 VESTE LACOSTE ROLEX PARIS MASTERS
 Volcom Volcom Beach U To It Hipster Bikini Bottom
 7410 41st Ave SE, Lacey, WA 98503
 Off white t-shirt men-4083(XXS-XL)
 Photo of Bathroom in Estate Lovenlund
...
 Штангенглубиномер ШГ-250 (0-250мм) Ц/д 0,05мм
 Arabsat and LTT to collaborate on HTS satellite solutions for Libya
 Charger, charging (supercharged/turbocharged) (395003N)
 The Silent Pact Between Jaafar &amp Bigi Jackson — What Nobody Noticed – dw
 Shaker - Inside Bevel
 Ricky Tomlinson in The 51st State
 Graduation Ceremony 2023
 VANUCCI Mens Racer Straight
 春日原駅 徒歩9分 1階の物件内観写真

● Problem to work on
Quote the listing above, but only from the line that shows "Volcom Volcom Beach" through the line that shows "Photo of Bathroom in Estate Lovenlund".

● Answer area
 Volcom Volcom Beach U To It Hipster Bikini Bottom
 7410 41st Ave SE, Lacey, WA 98503
 Off white t-shirt men-4083(XXS-XL)
 Photo of Bathroom in Estate Lovenlund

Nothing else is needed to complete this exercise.